In the interim, statements from the Council suggest that they are coalescing around a document that has seen dozens of alterations since the Council rejected the original incarnation on Dec. 14.

“We’ve been moving in the right direction, and this is what government is supposed to do,” Lucas said. “I think people want us to ask questions, they want us to get real answers and they want us to get real movement. You’ve seen that, and that’s what political pressure is.”

Canady didn’t mince words regarding the initial MOU, saying that Edgemoor came in “totally ignorant” of Council expectations when they began work on the document. She saved some blame for the Council as well, suggested that “we didn’t really have a road map” to offer the developer, since the Council was also new to the process. All things considered, Canady thinks that the MOU negotiation process has markedly improved since its opening stumbles.

“We took a different approach this time when negotiating the MOU,” Canady said. “It was a more collaborative approach, where all of our colleagues were able to weigh in on what we thought were substantial things that needed to be included in the MOU.”

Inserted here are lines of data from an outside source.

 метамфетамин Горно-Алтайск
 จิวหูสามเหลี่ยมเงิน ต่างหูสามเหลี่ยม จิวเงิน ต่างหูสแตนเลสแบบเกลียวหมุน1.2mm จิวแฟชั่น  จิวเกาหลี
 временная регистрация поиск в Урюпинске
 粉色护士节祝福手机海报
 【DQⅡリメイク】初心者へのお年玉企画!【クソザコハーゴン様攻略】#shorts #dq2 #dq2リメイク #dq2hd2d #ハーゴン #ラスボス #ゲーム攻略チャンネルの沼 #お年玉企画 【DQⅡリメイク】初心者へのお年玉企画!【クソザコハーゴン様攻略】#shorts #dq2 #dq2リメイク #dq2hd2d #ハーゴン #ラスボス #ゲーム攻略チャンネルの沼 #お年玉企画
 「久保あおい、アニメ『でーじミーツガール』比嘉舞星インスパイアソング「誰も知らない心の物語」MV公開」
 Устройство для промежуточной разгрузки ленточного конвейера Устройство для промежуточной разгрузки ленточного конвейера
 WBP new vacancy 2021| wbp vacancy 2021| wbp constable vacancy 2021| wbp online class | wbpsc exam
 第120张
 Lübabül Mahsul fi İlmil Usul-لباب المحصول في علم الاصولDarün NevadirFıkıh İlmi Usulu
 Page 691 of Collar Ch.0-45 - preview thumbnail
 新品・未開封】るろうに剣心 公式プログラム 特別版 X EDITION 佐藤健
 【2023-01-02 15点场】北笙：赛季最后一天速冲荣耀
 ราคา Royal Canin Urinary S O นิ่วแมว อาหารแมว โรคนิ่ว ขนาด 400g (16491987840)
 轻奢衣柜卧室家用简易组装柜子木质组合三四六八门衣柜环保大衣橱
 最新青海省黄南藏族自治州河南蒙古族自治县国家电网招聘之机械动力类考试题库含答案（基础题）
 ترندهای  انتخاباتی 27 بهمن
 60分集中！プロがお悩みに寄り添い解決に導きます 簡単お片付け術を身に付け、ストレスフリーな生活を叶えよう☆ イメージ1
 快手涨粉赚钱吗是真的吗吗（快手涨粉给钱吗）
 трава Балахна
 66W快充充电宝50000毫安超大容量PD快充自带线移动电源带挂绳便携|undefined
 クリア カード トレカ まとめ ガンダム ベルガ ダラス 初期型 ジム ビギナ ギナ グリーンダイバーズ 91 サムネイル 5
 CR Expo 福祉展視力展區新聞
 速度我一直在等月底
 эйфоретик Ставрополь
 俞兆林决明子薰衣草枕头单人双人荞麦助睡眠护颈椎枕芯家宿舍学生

Fourth District Councilwoman Jolie Justus, who has been the chair of the Airport Committee since August of 2015, is as ready as anyone to reach a deal on the MOU. Still, Justus cautioned after the meeting that she’s not taking anything for granted despite the progress made in the past few weeks.

“The bottom line is, though, we had nine people in December say loud and clear (on the Council) that they had concerns with the MOU. Not all of those nine people were in the room here today,” Justus said. “One of the things we have to do is continue to follow up with everybody on the Council to make sure that all of their concerns have been addressed to the best of our ability.”